Profit-making: : Independent private schools may be profit-making entities. All other schools in Ireland which are recognized by the DE (aided) are legally required to submit an application for inclusion in the Register of Charities under the Charities Act 2009 (falling within the definition of an ‘education body’). Their charitable purpose is the ‘advancement of education’ and charitable objectives are defined in the Education Act 1998 (Section 9).
Taxes and subsidies: All schools which are recognized by the DE receive annual funding from the state based on allocation criteria determined by the Minister of Education and Skills each year, with only a small proportion of primary and post-primary schools classified as non-aided. The funding received comes in the form of a block grant, with additional funding provided to schools which cater for significant proportions of students at risk of educational disadvantage. Under the Constitution of Ireland 1937 (as amended in 2019), funding levels may not be determined by religious denomination, with the state prohibited from discriminating between schools under different religious denominations. At primary level, the grant covers the payment of teacher salaries, heating, cleaning, building, and operating costs on a per-pupil basis, and additional grants for free textbooks and book rental schemes (Circular 0030/2015). The grants are significantly higher when schools cater to students with special educational needs. At post-primary level, the DES similarly funds the schools’ staffing, running costs, and capital costs for schools that are part of the Free Education Scheme. The few schools that are not part of the Free Education Scheme at post-primary level (and allowed to levy fees) are provided with a reduced level of funding towards their staffing costs. Most schools supplement the grants through local fundraising and voluntary contributions by parents. State grants are only made to schools which are recognized by the DE, with the state playing no role in the funding of independent private schools at primary level.

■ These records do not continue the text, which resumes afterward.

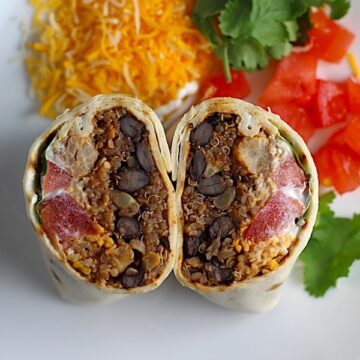 Quinoa Black Bean Burritos cut in half and standing face up on plate. Packed with protein and fiber, but also cheese, tomato, cilantro, and sour cream! The vegetarian 'meat' is taco-seasoned quinoa, black beans, and cauliflower.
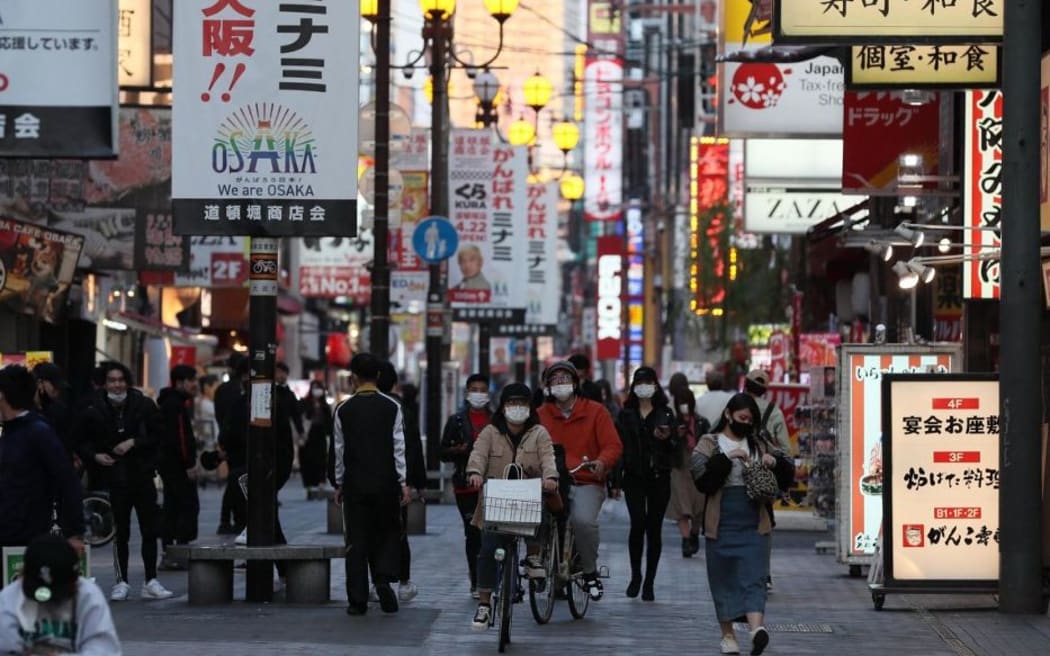 A photo shows restaurant and bar area at Dotonbori district in Osaka City, Osaka Prefecture on April 19, 2021. The number of the new coronavirus COVID-19 patients has been increasing in Osaka Prefecture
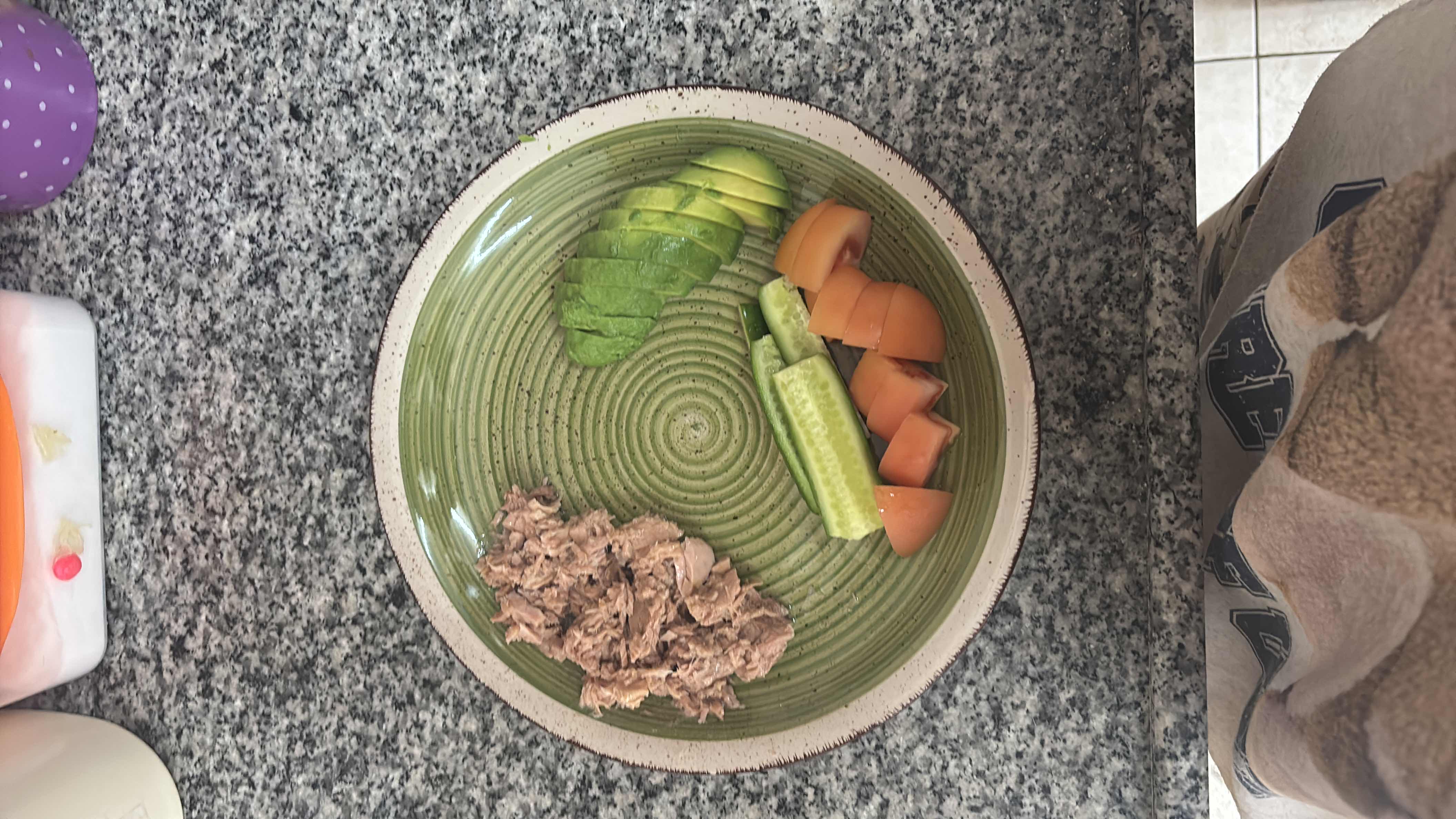 A healthy plate consisting of tuna, avocado slices, cucumber, and tomato, providing a balanced mix of protein, healthy fats, and low carbs.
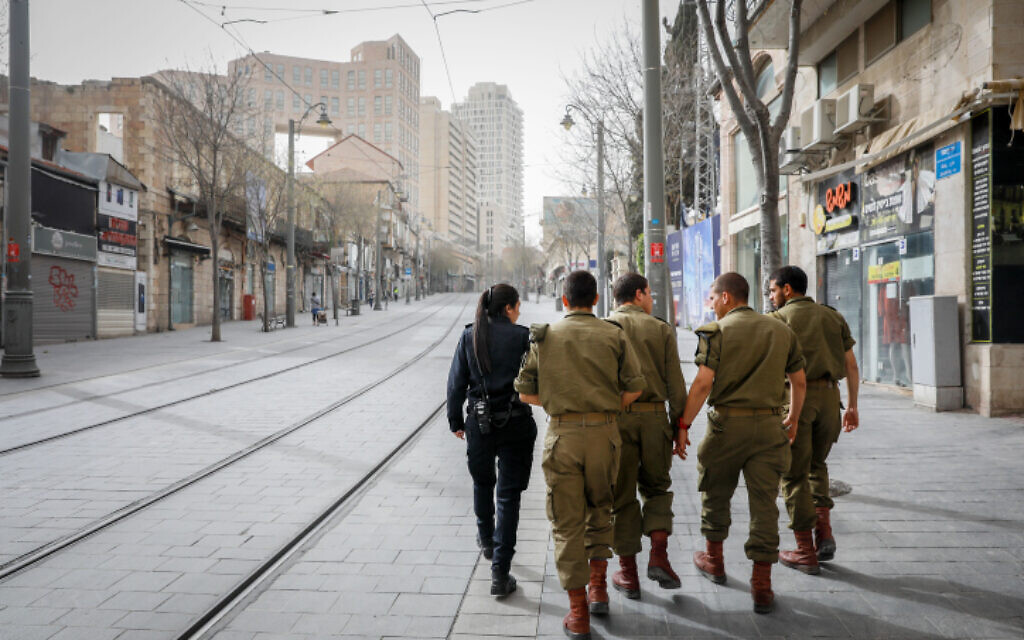 A police officer walks with soldiers as they patrol Jerusalem city center to enforce a partial lockdown against the spread of the coronavirus on March 31, 2020. (Olivier Fitoussi/Flash90) A police officer walks with soldiers as they patrol Jerusalem city center to enforce a partial lockdown against the spread of the coronavirus on March 31, 2020. (Olivier Fitoussi/Flash90)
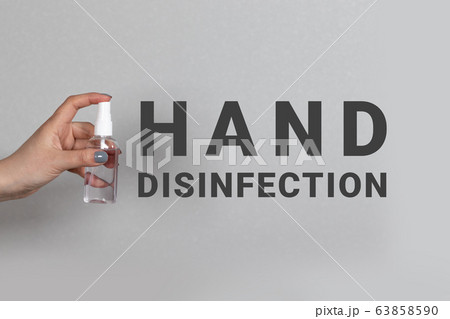 Person uses or hand disinfection with alcohol spray clean disinfectant for bacteria viruses dirty skin care. Covid-19 63858590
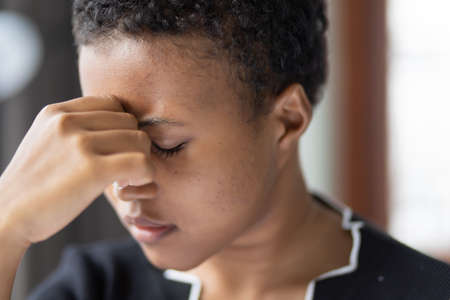 sick African woman having fever or headache, concept of virus infection, coronavirus COVID-19 flu, vaccine adverse effect, vertigo, dizziness, depression, depressed woman, health care medical conceptの写真素材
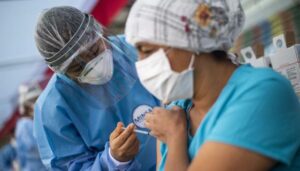 Una enfermera aplica una dosis de la vacuna desarrollada por Sinopharm de China contra el COVID-19 durante una campaña de vacunación de trabajadores de la salud en medio de la pandemia del nuevo coronavirus, en Ate, un distrito de Lima, el 19 de febrero de 2021. (Foto: Ernesto Benavides / AFP )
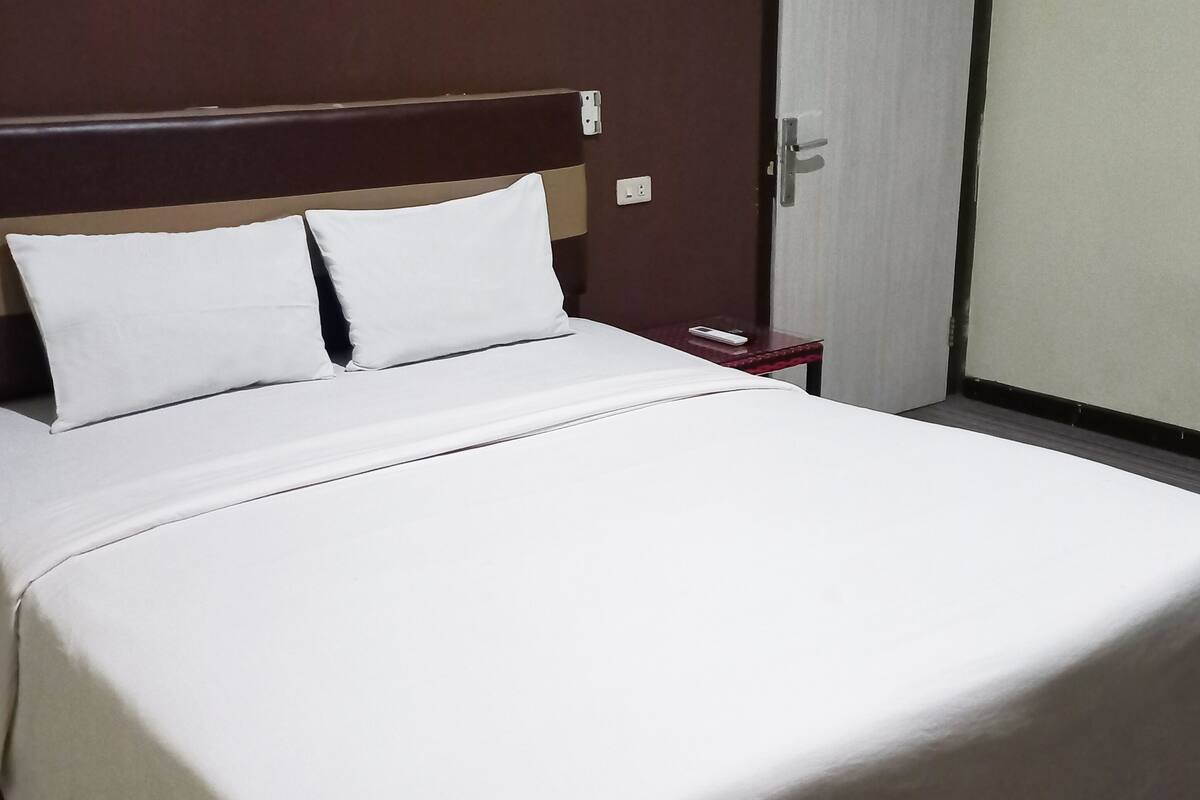 Ein ordentlich bezogenes Bett mit weißen Leinen und Kissen, ein hölzerner Kopfteil, ein kleiner Nachttisch mit Fernbedienung und eine Tür mit Griff.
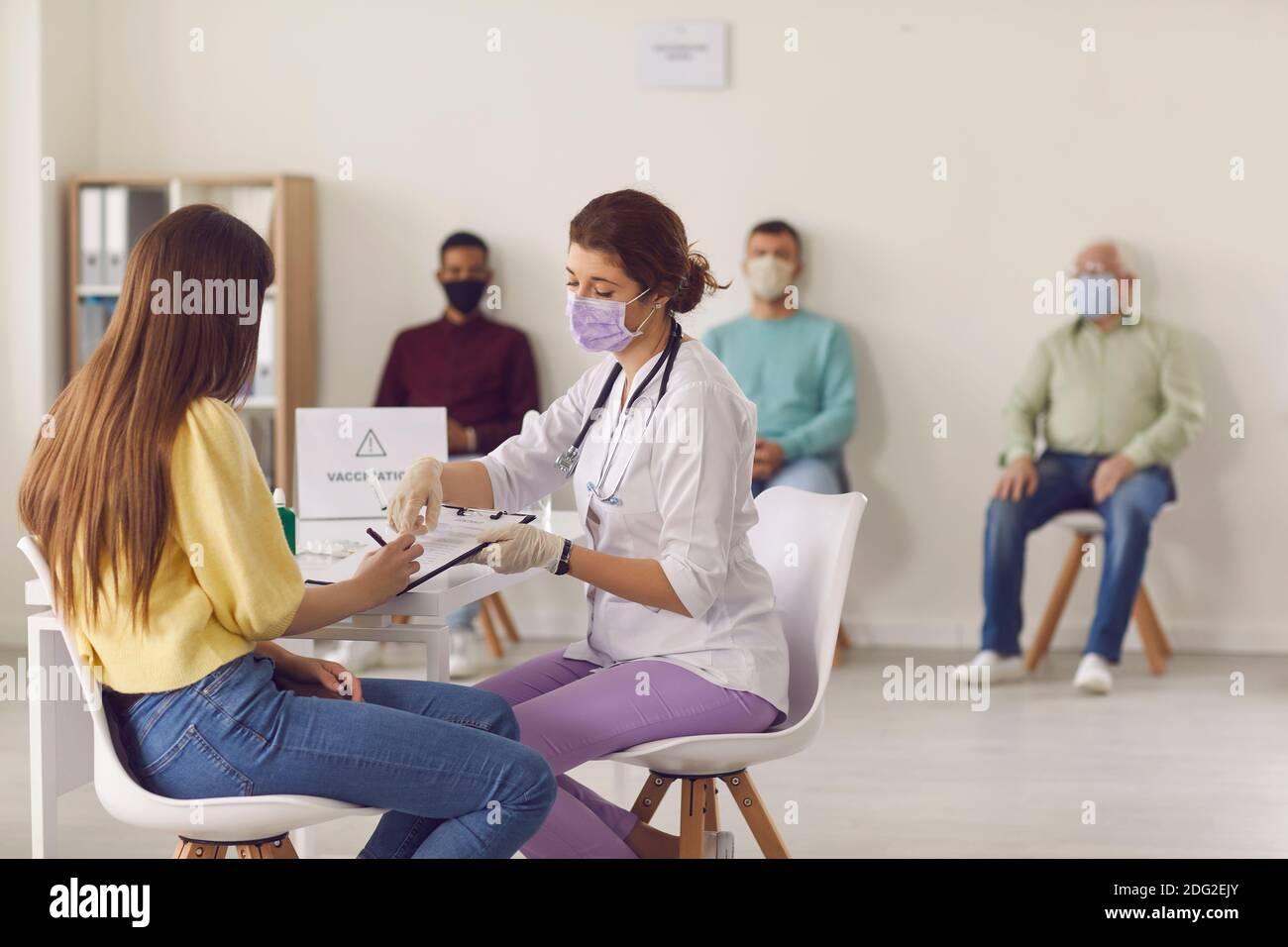 Doctor gives the patient documents to sign before giving her the Covid-19 antiviral vaccine. Stock Photo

Quality of teaching and learning
Curriculum and education standards: The National Council for Curriculum and Assessment is responsible for developing the curriculum from early childhood to post-primary level in Ireland. All state-funded schools are required to follow the national curriculum, but apart from a few required subjects, post-primary schools have discretion as to their subject offer. At post-primary level, schools which are not part of the Free Education Scheme must also follow the national curriculum set by the DE. Independent, non-aided private schools at primary level are not required to follow the national curriculum. Government-aided primary schools are required to provide 20 hours of secular instruction per week for pupils on a full day (i.e. 1st class – 6th class) and 15 hours of secular instruction per week for pupils on a short day (i.e. infant classes). Typically, 2.5 hours per week are allocated to religious education / the patron’s program. The Primary School Curriculum Introduction (NCCA, 1999) does not break down this weekly time allocation into daily allocations, and it is left to the discretion of the school and the teacher as to how the time for secular and religious education / patron’s program will be divided in practice.
The Constitution of Ireland 1937 (as amended in 2019) gives students the right to attend a state-funded school without attending religious instruction (Article 44). All schools must teach Irish and English, with English being the main language of instruction for all schools except Irish medium schools.
Textbooks and learning materials: Schools are free to locally determine what textbooks and learning materials to use, but are advised to avoid frequent textbook changes that may give rise to unnecessary additional costs for parents.
Teaching profession: All teachers employed in recognized, government-aided schools must be registered with the Teaching Council and meet the minimum qualifications and experience stipulated in the Education Act 1998 (as amended in 2020). Teachers are not considered civil servants, but are regarded as working within the public service. Salary and working conditions are prescribed by the DE, while teachers are recruited locally by school boards of management. Since schools are non-state owned and managed, the selection of teachers are a matter for the management of each school. However, while teachers in aided schools can teach in subjects other than those in their degree qualification, teachers in ETBs and community/comprehensive schools (the only state-owned schools) must hold university qualifications in the subjects they teach. Teachers in these schools are appointed by selection boards nominated by the ETBs as part of an ‘ETB scheme’, which is separate to all other schools in the state-funded sector in Ireland. All registered teachers must meet the standards of professional knowledge, skill, competence and conduct set in the Teaching Council’s Code of Professional Conduct. There are additional teaching posts in schools within disadvantaged areas and for schools catering to students with special educational needs. The working conditions and qualifications for teachers in private independent schools are not centrally regulated by the government.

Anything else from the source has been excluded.